28 February 2014

Blondies: the world's most perfect brownie

I love blondies. Unlike the trade of universally loved chocolate ice cream for boring, cardboard-tasting vanilla ice cream for the sake of being different, the albino cousin of the brownie tastes like browned butter and rich caramelly burnt sugar, and it's dense and satisfyingly chewy.  I love them naked, and I love them as a canvas for whatever bits and pieces of fruit, nuts, and candies I have laying around, waiting for a proper binding substance.  They are almost impossible to screw up, can be mixed in one bowl in a matter of minutes, and comprise the most basic of baking ingredients you have in your pantry at all times.  Have I won you over yet??





Universal Blondie Recipe:

Makes 16 bars

½ cup unsalted butter (1 stick), melted
1 cup lightly packed dark brown sugar
1 egg
1 ½ teaspoons vanilla extract
¼ teaspoon kosher salt
1 cup flour (all-purpose or a mix of all-p. and whole wheat

Optional mix-ins:
½ cup chocolate chips
½ cup chopped nuts
½ cup dried or frozen fruit or shredded coconut
¼ cup liquor (rum, whiskey, bourbon…)--add 1 tablespoon flour if using
½ teaspoon extracts (mint, raspberry, almond…)

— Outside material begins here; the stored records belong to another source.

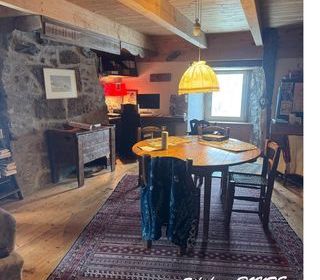  Maison � vendre 3 pi�ces 110 m�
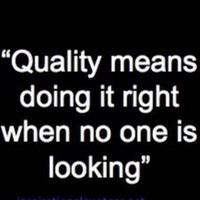 Profile Picture of Nicolas Cline (@nicolas-cline-2) on Quora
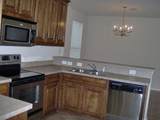 5413 Soledad Drive - Photo 7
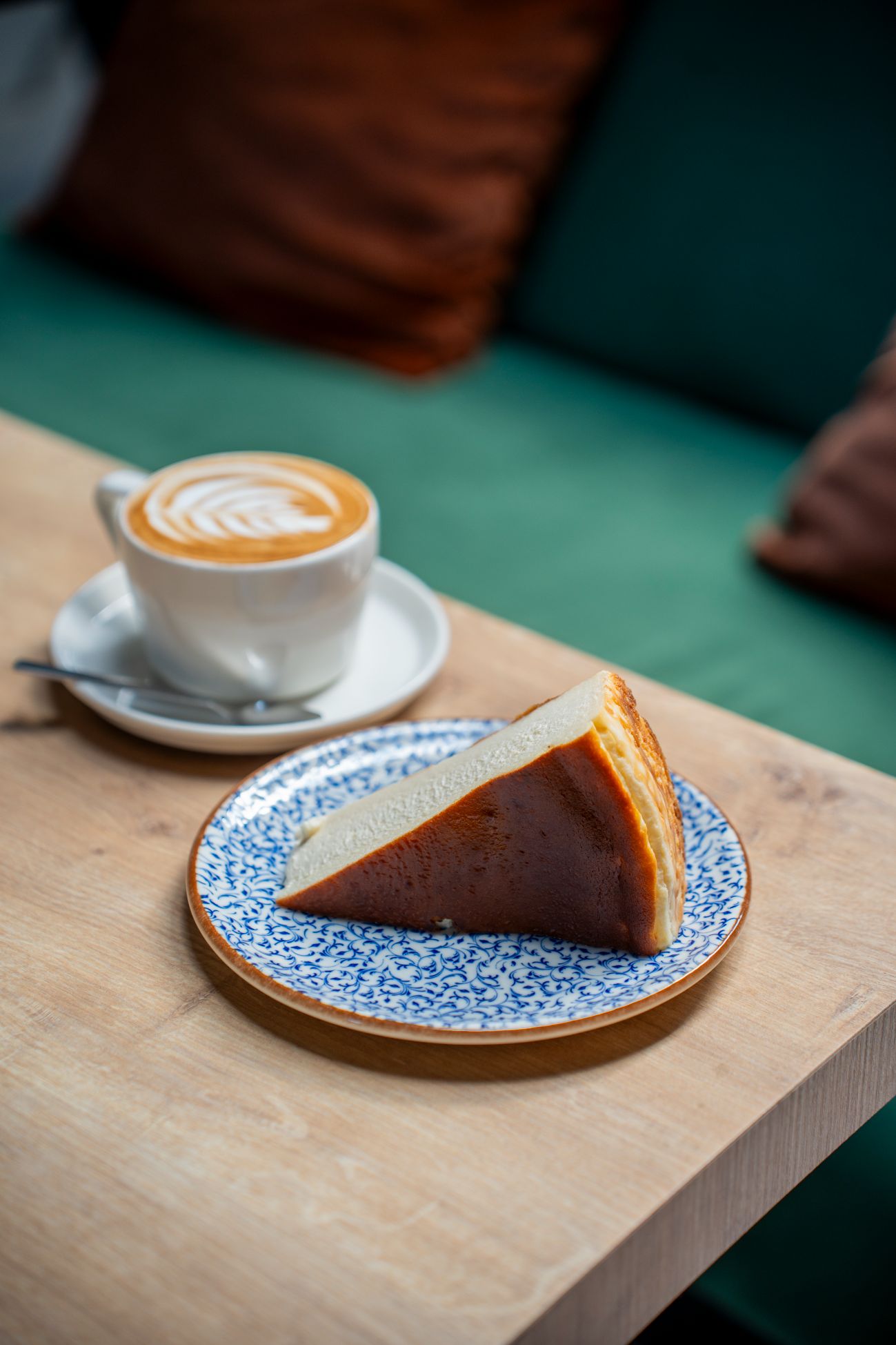 Sade San Sebastian - 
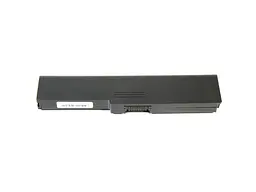 Акумулятор для ноутбука PowerPlant Toshiba Satellite L750 10.8В, 5200мАг (NB510092) - мініатюра 2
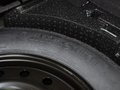 讴歌RDX（进口） 3.5L 自动 V6 2013款图片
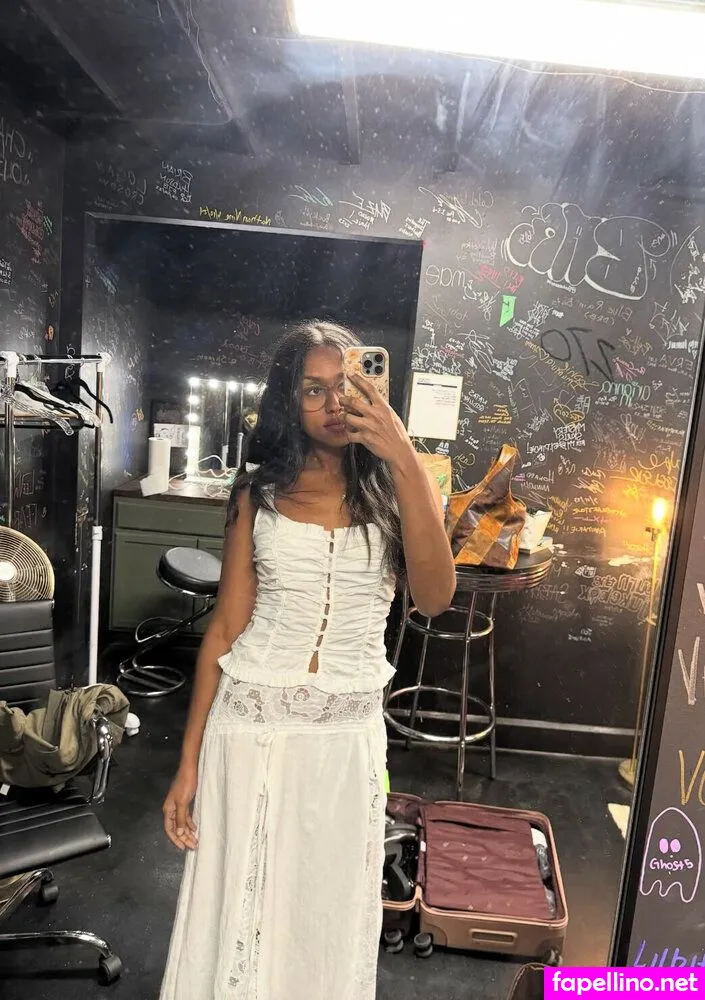 jensenmcrae Nude Leaked OnlyFans Photo #IBkQVosGDm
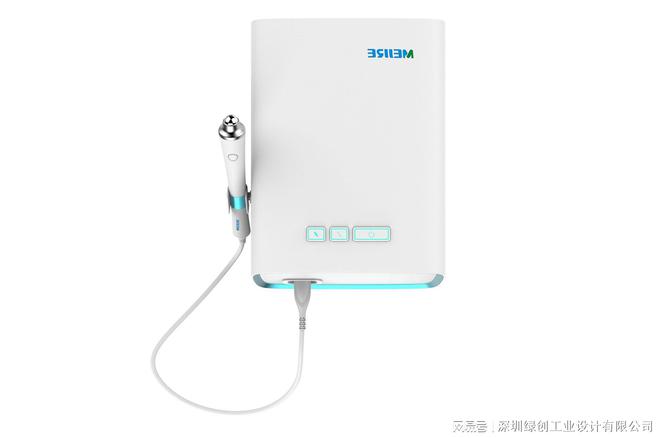 米乐 M6米乐绿创设计产品设计流程有哪些？(图1)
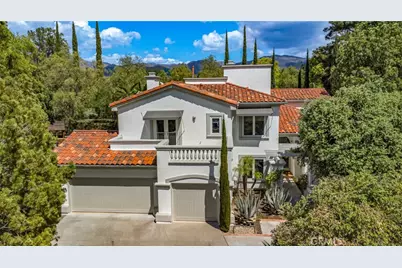 6 Via Terracaleta, Coto de Caza, CA 92679 - Photo 1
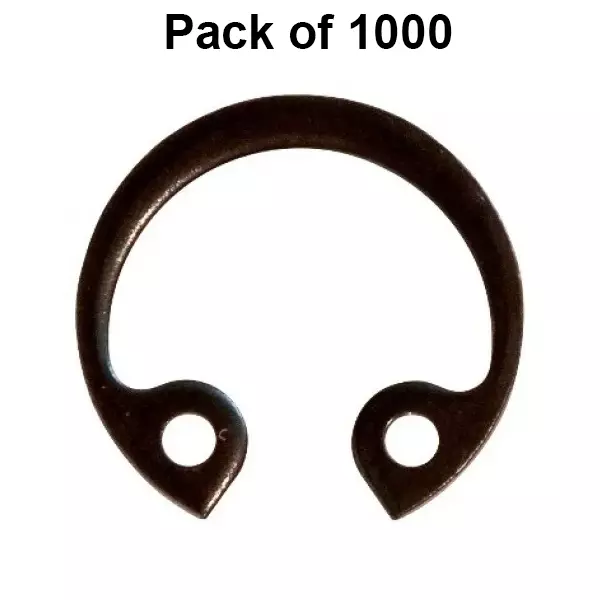 sunstar-internal-circlips-68-mm-size-spring-steel-en42j-material-is-3075-din-472-standard-pack-of-1000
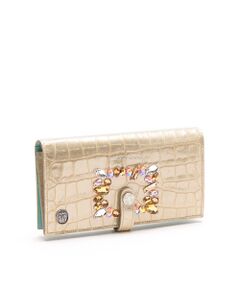 Accessoires De Mademoiselle 財布 楽天市場】accessoires de mademoiselle 財布（レディース財布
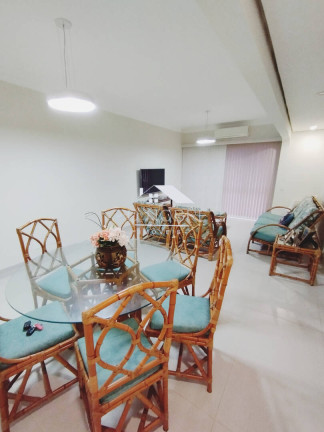 Imagem Apartamento com 3 Quartos à Venda,  em Enseada - Guarujá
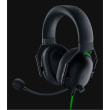 Razer Blackshark V2 X fr Xbox (schwarz)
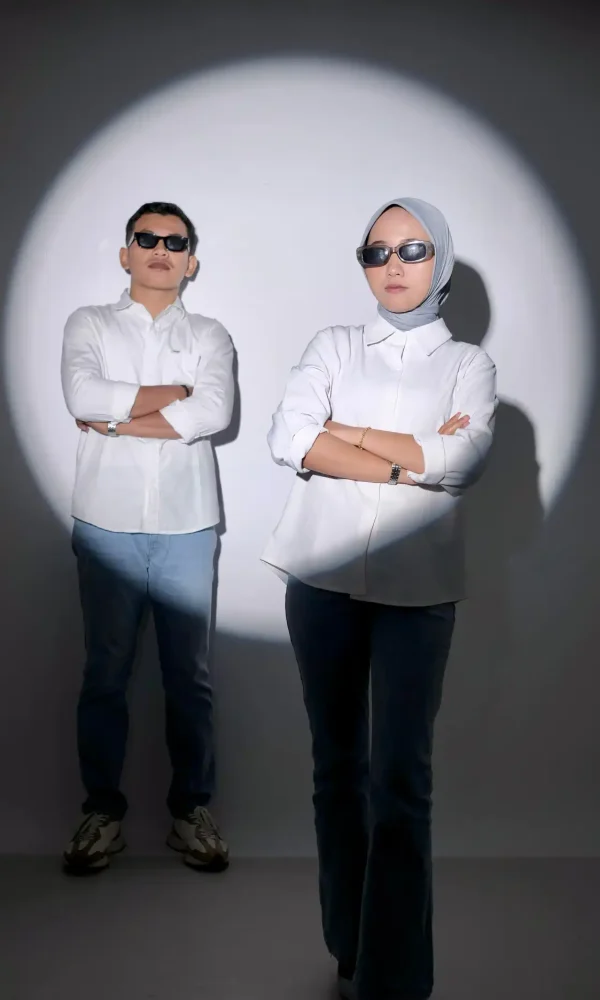 WhatsApp Image 2025-03-11 at 11.25.18 PM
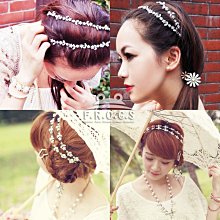 韓版現貨金色五葉髮夾 #髮飾 #髮束 #髮帶 #髮夾 #優雅 #氣質 #時尚 歷史價格詳細信息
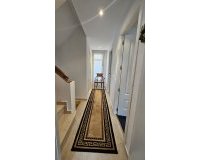 Wiederverkauf - Town house - Marbella - San Pedro de Alcántara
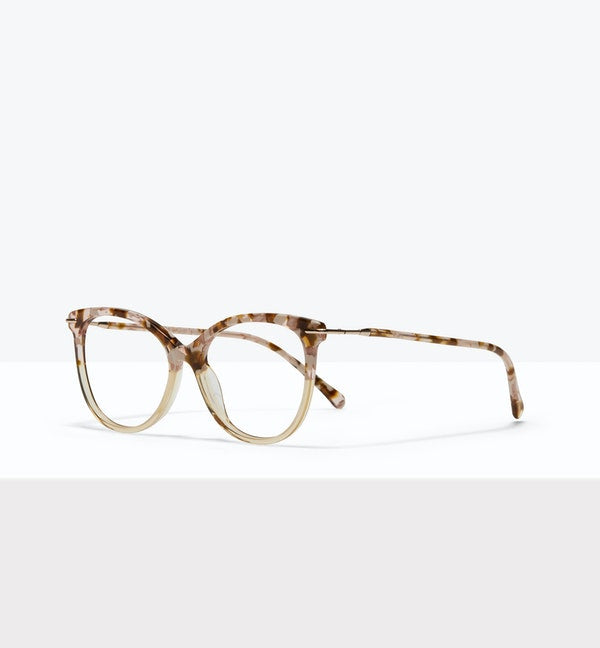Sublime Eyeglasses BonLook   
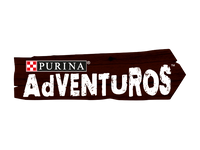 Adventuros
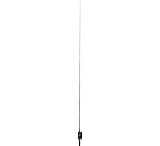 Image of SuperFly Performance Rod-4Pc-5/6Wt
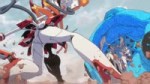 [HorribleSubs] Darling in the FranXX - 04 [1080p].webm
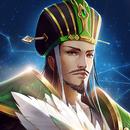 御駕親征 APK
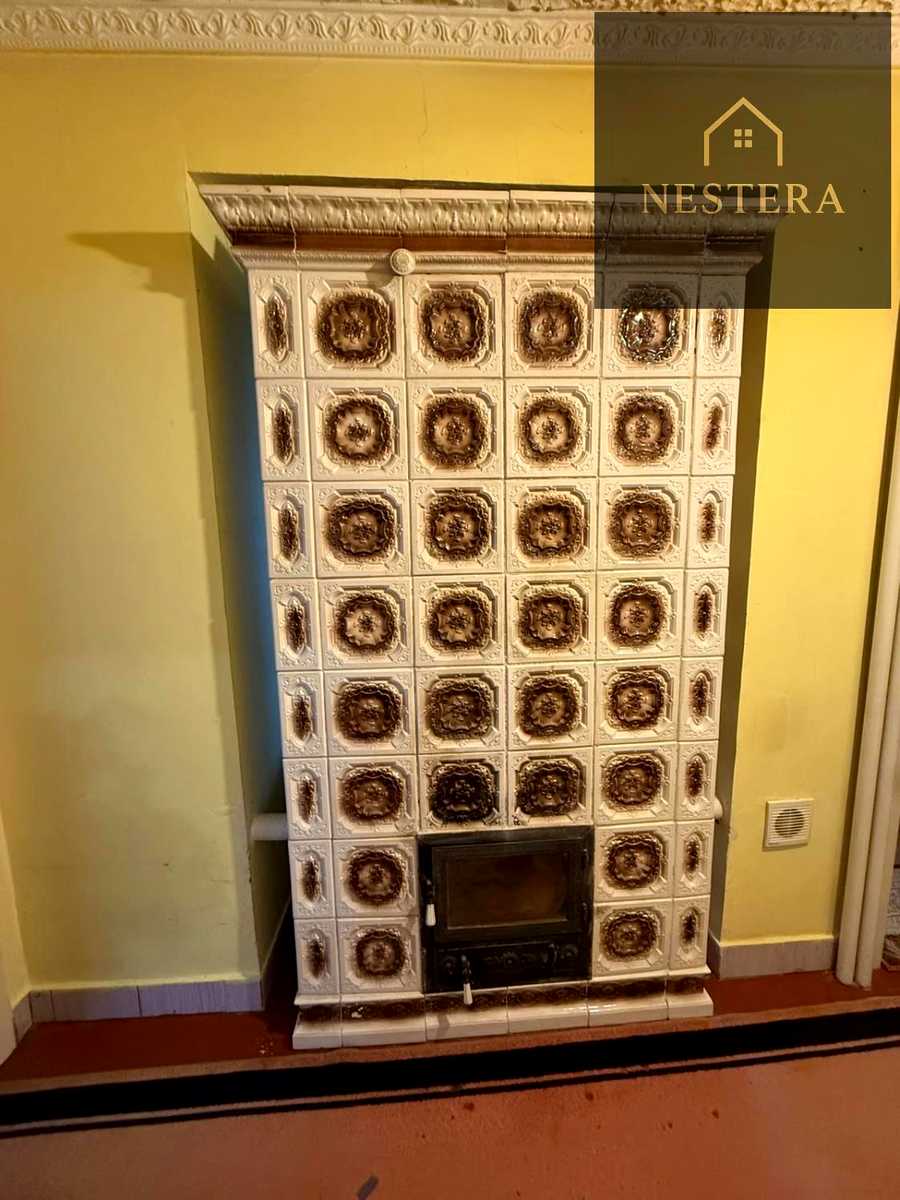 1880178408340103.jpg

Preheat the oven at 350°F.  Prepare an 8 x 8 inch baking pan with butter, cooking spray, or parchment paper.

Combine all ingredients in the order listed into one big mixing bowl, whisking together wet ingredients (butter, sugar, egg, extract(s)) first before stirring in remaining dry ingredients.  Smooth into the prepared baking pan and bake 25-30 minutes , or until a toothpick inserted into the center comes out clean.  Cool to at least room temperature before cutting.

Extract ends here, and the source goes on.